Fast unit tests with databases, part 2 – Introduction to the fusonic testing framework

Dev Diary

In the previous blog post I wrote about our huge performance gains for database tests, from initially 90 minutes run time down to 40 seconds, and about some of our core concepts we apply to our tests.

This second part of the three-part series contains a general introduction to Fusonic.Extensions.UnitTests, without focussing on database tests.

Johannes Hartmann
July 13, 2022
Reading time
6 Minutes

Libraries and Services

As mentioned in the previous post, we share a few libraries over the projects. We often use the following setup:

So those are basically the dependencies you get when you use our full testing framework.

Open Source

Our Fusonic.Extensions, including the unit test extensions are open source and can be found on GitHub. Contributions are welcome!

XUnit extensions

Without going too much into the internals of XUnit, we extended some parts of XUnit to get some parts of our test framework working. The library is Fusonic.Extensions.XUnit.

This includes the addition of a TestContext and a limiter for max. parallel Tests.

In order to add support for those extensions, you need to add an assembly attribute to your test class, eg. in an AssemblyInfo.cs:

[assembly: Fusonic.Extensions.XUnit.Framework.FusonicTestFramework]

This is also required when using Fusonic.Extensions.UnitTests.*, as they rely on some features introduced in our XUnit extensions.

Test context

XUnit v2 does not provide a test context by itself.

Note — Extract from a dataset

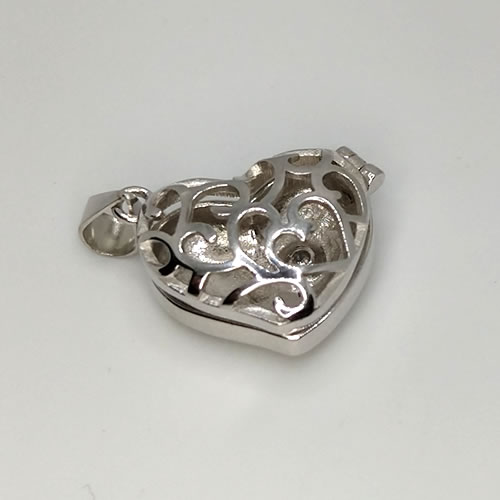 925 Sterling Silver Cubic zirconia Heart Shape Locket Pendant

Our extensions provide a simple TestContext (Fusonic.Extensions.XUnit.TestContext) which provides the following properties:

  • TestMethod, which is the currently executing test method
  • TestClass, which is the currently executing test class
  • Items, a dictionary which allows you to add any objects for your test context
  • Out for access to the XUnit ITestOutputHelper, which allows you to write messages to the test output

We usually do not use this test context in the tests themselves, but it is required for some framework code.

Max. parallel tests

In XUnit you can limit the max number of parallel threads, but not the number of max parallel tests. That’s a big caveat for database tests: As soon as you await some code, a thread can be marked as free and a new test gets started.

This can result in hundreds of parallel database tests running at once, overloading the database and causing connection and timeout issues.

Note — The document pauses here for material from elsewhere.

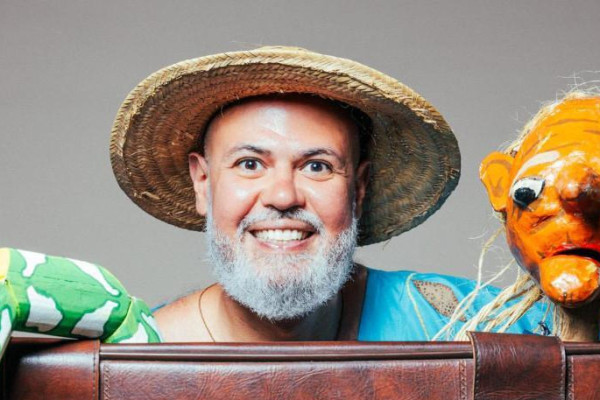 Kadu Santoro apresenta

Starting a new test on await is by design. You can work around that using a semaphore when starting the test, but this falsifies your test run times because the time waiting for the semaphore already is counted to the test run time, which can cause test timeouts in the worst case .

Our framework comes with a built in limiter for max. parallel tests which just won’t allow starting more tests than configured.

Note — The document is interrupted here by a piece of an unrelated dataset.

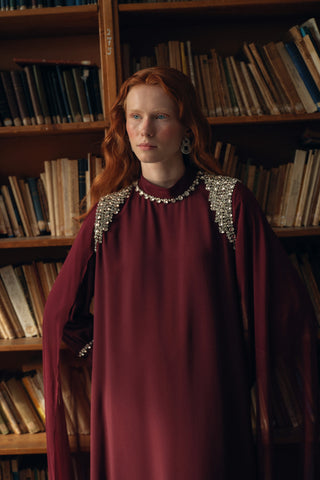 Omuz ve Yaka El İşi Taş İşlemeli Kol Pelerin Detaylı Elbise - bordo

When using the FusonicTestFramework, the maximum amount of parallel tests is already limited to the number of CPUs by default. You can modify this setting with an optional framework parameter, or even disable the test limitations by setting it to a negative number:

[assembly: Fusonic.Extensions.XUnit.Framework.FusonicTestFramework(MaxParallelTests = 8)]


Again something you probably won’t need in your tests directly, but is needed for our database tests. You can overwrite this attribute and set it on a method or class. Using this, you can execute any code before or after executing a test method.

XUnit also provides a very similar BeforeAfterTestAttribute. The difference to XUnits attribute is that the xunit version executes the Before-Method after the test class is created and the constructor ran.

Our version runs before the test class is created, allowing us to set up the database providers before the constructor is called.

Configuring a test project

If you don’t need database test support, Fusonic.Extensions.UnitTests already gives you a nice set of features using XUnit, with dependency injection using SimpleInjector, MediatR support and helper methods for running parts of your code within own lifetime scopes, as explained earlier. It also has configuration support, using a testsettings.json, user secrets and environment variables.

You simply add the following base classes, which you can inherit from and get all the features in your tests:

public class TestFixture : UnitTestFixture { protected sealed override void RegisterCoreDependencies(Container container) { var appSettings = Configuration.Bind<AppSettings>(); //Your SimpleInjector configuration here } } public class TestBase : UnitTest<TestFixture> { public TestBase(TestFixture fixture) : base(fixture) { } }

If you want some custom DI configuration for a specific test (eg. for a mock), you can do that, too:

public class SomeHandlerTest : UnitTest<SomeHandlerTest.HandlerTestFixture> { // Tests public class HandlerTestFixture : TestFixture { protected override void RegisterDependencies(Container container) => container.Register<SomeHandler>(); } }

Lifetime scoping

As mentioned in the previous part, we try to avoid side effects by running each section of a test (Arrange / Act / Assert) within an own lifetime scope of our DI-container SimpleInjector.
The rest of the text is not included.